いやー……。本当に原稿間に合うんでしょうかね。J-WAVE深夜の溜まり場「THE HANGOUT」。月曜担当ナビゲーター、宇野常寛です。今夜は本当に追い詰められています。でもね、なんかこう、自分というものを、こういうピンチの時に見つめ直すんですよ。考えたんです、僕は。ポジティブな結論にたどり着けるように考えました。僕は、本来は集中型なんですよ。マラソンとかは苦手で、一気に集中力を使って瞬間的に何かやるって方が、僕は得意なんですよ。どちらかと言うと、集中型の人間なんです。だからこそ僕って、追い詰められた時に真の力を発揮するタイプなんじゃないかって、自分では思ってるんですよ。『聖闘士星矢』ふうに言うと、青銅聖闘士(ブロンズセイント)って黄金聖闘士(ゴールドセイント)にボコボコにやられるじゃないですか。それでもう瀕死の状態になったときに、こう、小宇宙(コスモ)が爆発して、真の力を発揮して、必殺の起死回生の一撃を放って黄金聖闘士を倒すっていうことを、車田正美先生は何年間もひたすら反復したわけじゃないですか。だからね、そういう感じで、今夜僕も批評の神が降りてきて、神の原稿ができるんじゃないかな、ということをね、僕はいま期待しています。

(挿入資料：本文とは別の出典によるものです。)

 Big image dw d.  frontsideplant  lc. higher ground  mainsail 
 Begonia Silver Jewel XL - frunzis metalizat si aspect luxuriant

そんなことを今日ずっと考えていて、昼間もマジで追い詰められていて、気が付くとGoogleで「黄金聖闘士」とか検索してるんですよ。本当に。ちなみに、21世紀生まれの少年少女諸君のために解説しますと、黄金聖闘士っていうのは、『聖闘士星矢』っていう、昔ジャンプでやっていた漫画に出てくる十二星座になぞらえた、ある宗教団体の超強いお兄さんたち、ガーディアンですね。やつら、本当にすごいんですよ。知ってますか? 黄金聖闘士っていうのは基本的に1秒間に約30万キロメートル、地球を7周半のスピードで動くことができるんです。わかりますか!? すなわち光速ですよ。光の拳なんですよ。やつらのパンチは光速なんです、基本的に。あと、人間の五感はもちろん、第六感すら超えた第七感、「セブンセンシズ」っていうものに目覚めているんですよ。なんか微妙に英語が間違っている気がするんですけど(笑)、実際に劇中でそう呼ばれているんですよ。第七感ってよくわからないですよね。第六感っていうのは、いわゆる勘ですよね。で、それを超えた第七感というものにやつらは全員目覚めていて、それが黄金聖闘士になる資格なんです。

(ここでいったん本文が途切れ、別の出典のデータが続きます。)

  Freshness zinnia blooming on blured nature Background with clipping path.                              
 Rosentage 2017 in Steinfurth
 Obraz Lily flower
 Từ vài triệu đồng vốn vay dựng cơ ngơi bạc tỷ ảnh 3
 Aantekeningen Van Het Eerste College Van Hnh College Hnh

本当にやつらはすごくて、場合によっては超能力とかで異空間にワープしたりもできるんですよ。精神攻撃とかもすごく得意で、僕が黄金聖闘士12人の中でたぶん一番強いんじゃないかと思っている、「乙女座(バルゴ)のシャカ」っていうやつは、なんか五感を一つずつ奪っていく必殺技を持っているんですよ。マジですごくないですか!? でも、味覚とか奪ってもあんまり肉弾戦に影響ない気はするんですけどね。まあでもやつはとにかくすごいんですよ。僕はこの乙女座のシャカってすごく尊敬していて、あのセブンセンシズどころか、それをさらに超えた第八感、「エイトセンシズ」にすら目覚めていると言われているんですよ。ゆえに彼は、この世で最も神に近い男って呼ばれているんです。で、そういうことをずっと調べて、へーとか思いながら検索していると、どんどん時間が過ぎていって、まあその結果、今日僕はほとんど原稿できていない状態で六本木まで来ているっていう、まあそんな状態にいま陥っているんですよねー。いやもうほんとね、皆さんも一緒に祈っていてください。僕の第七感、セブンセンシズ、そして第八感エイトセンシズが目覚めることをね。ラジオの前のみなさんも一緒に祈っておいてください。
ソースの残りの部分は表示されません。